Content starts
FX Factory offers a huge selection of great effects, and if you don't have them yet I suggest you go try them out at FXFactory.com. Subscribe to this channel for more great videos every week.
Content ends
Content starts
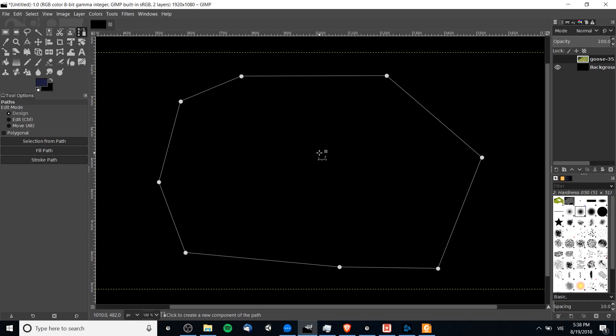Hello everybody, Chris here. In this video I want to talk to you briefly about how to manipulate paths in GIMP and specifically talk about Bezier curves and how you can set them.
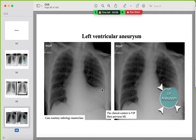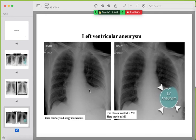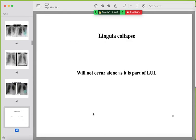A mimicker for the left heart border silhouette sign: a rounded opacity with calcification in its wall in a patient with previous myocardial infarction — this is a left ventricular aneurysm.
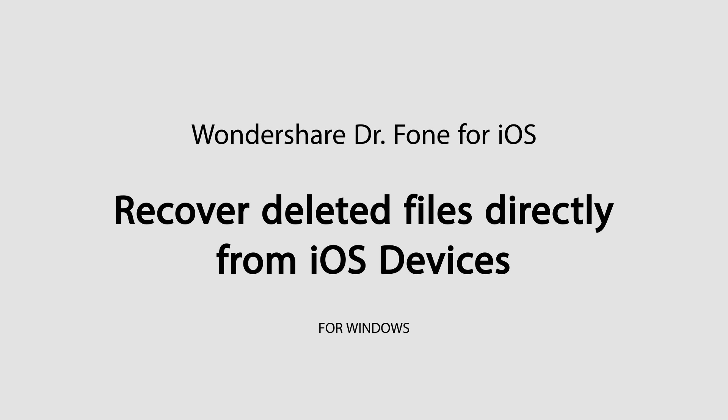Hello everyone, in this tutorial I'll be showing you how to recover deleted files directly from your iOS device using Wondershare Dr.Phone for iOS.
Content ends
In the listing above, find the line with "A mimicker for" and the line with "Hello everyone, in". Copy exactly those two and every line between, without the pictures.

# [TASK RESULT]
A mimicker for the left heart border silhouette sign: a rounded opacity with calcification in its wall in a patient with previous myocardial infarction — this is a left ventricular aneurysm.
Hello everyone, in this tutorial I'll be showing you how to recover deleted files directly from your iOS device using Wondershare Dr.Phone for iOS.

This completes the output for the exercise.